2005-06-22 Thread Steve Bertrand

 After all, someone is trying to do something good for 
 freebsd, by making freebsd known by more and more people.

It's not worth getting the word out if those new people who are hearing
about it just rant and bitch that the documentation is 'no good', when
something doesn't work the first time they try it.

 Most people are lazy, we tend to prefer immediate results 
 rather than a long term process and commitment. I think this 
 is understandable.

I agree, and it falls perfectly well in with my comment above.

 Of course, there will be a lot of newbies coming, some of 
 them will stay and some of them will find it too difficult, 
 and leave. That's the way it is.

...and most likely because they are the type who don't want to learn
'how' it works, they just want it to work. Bill Gates knows this, and
counts on it. Linux is trying to make itself more 'user friendly' to
compete with Microsoft. I hope FreeBSD never tries to make itself
'simpler' to operate to gain market share. Myself, I find it easy to
operate, moreover, I can type faster than I can move the mouse and
point/click, so being able to do something in Windows or Linux rather
than at the command line is only in the eye of the beholder. (Note that
I use XP as my workstation, but I usually have 10 or 12 SSH sessions
open ;)

 Same goes with linux. If it just sounds powerful, and hard 
 for people to get their hands dirty by just setting one up 
 and see what it looks like and maybe how it works, then linux 
 wouldn't be this popular now.

Linux has come a long way from 10 years ago. It's just as easy, if not
in some cases easier than Windows to set up.

However, with sysinstall, I can get a FBSD system up in less than 8
minutes, with custom FW ruleset, online, updating with cvsup and
preparing to install a custom kernel.

No gooey crap to waste resources, nothing extra I don't want, just
straight up what I want. Sure the first couple installs may take some
time to read and find out about, but I much rather spending 20 average
per box with FreeBSD than the hour and a half to get a Window server up
and installed for Internet use for a client.
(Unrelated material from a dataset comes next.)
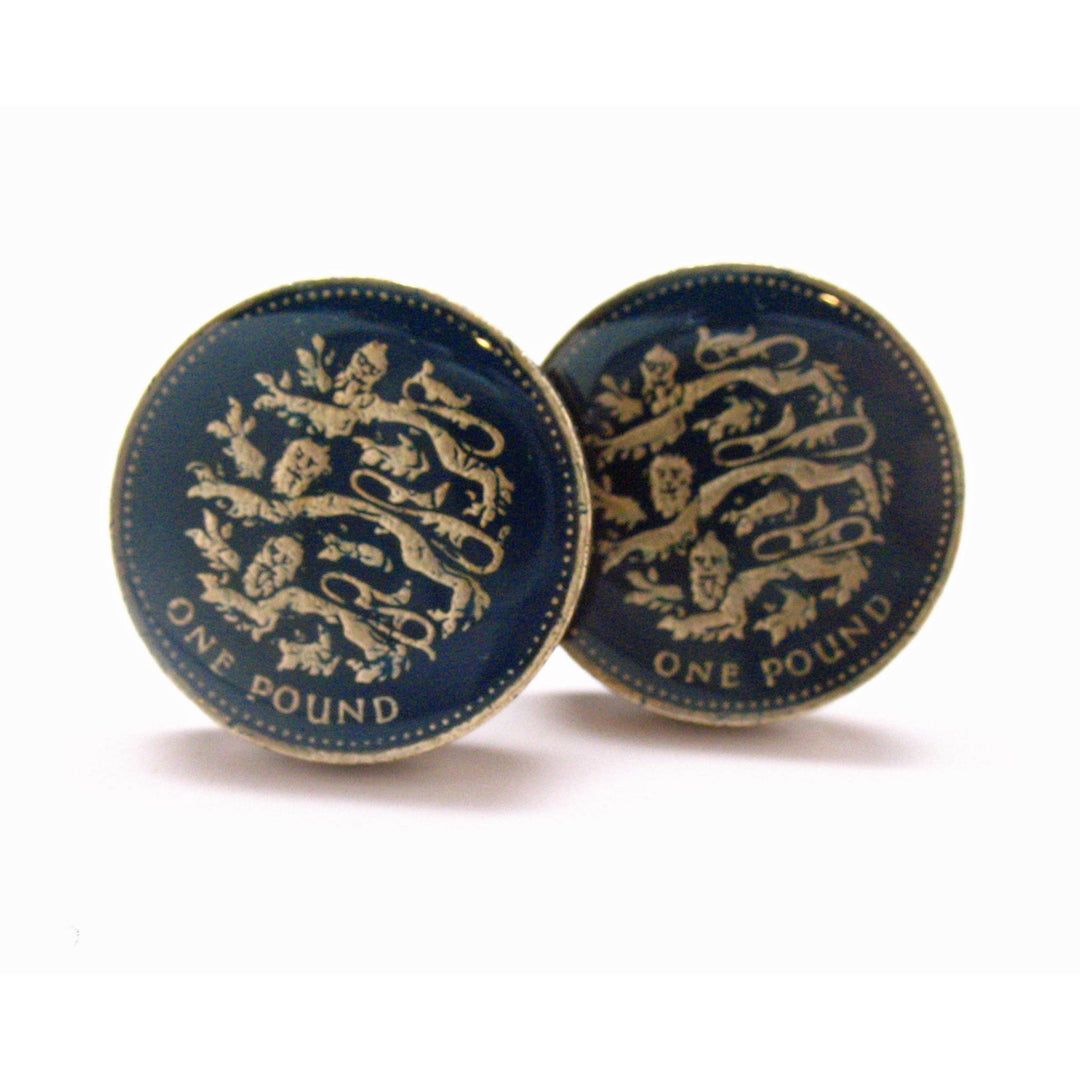 Birth Year Birth Year Enamel Cufflinks Rustic Lion Blue British One Pound Rampant Lions Hand Painted Enamel Coin Jewelry Image 1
 You would hear that Someone has burned a linux CD and just 
 don't have time to install it, but linux is easy and sounds 
 really cool and makes people curious, and you wouldn't hear 
 the same thing about freebsd.
 Most of the none unix IT friends I have all had a EXTREMELY HARD
 impression on Freebsd, and they found linux extremely easy.

Sure. FreeBSD I don't think is meant to be cool and appeal to the UNIX
IT personnel. It's designed to work, and work hard. Those who spend
their work hours maintaining a large core infrastructure aren't
interested in cool. Business managers and clients are interested in
'make it work, make it work reliably without downtime'. Words like
'cool' generally don't impress them, and 'cool' generally means that I
have to respond to frequent problems, errors, crashes. My cool is less
work, less time spent so I can do more important things :)

 That's indeed not true. It really only takes a normal person 
 several hours to flip through the HANDBOOK to at least know 
 his/her way around, and this is really as easy as linux.

Agreed. I even read the FM's for new devices/purchases I make. I want to
ensure I get full value out of things that I use/buy/aquire. It's those
who buy a new camera, throw the manual out with the box as soon as it's
opened, and get angry because x feature won't work, or they can't figure
out how to do something so they bitch about it. IMHO, the handbook will
get a box set up even for a reasonable newbie.

 But, it make sence, that people would like to see the 
 product, before using it or even know more about it. Much 
 like a person would prefer trying out a service for free 
 before he/she decides to invest more money and time into it.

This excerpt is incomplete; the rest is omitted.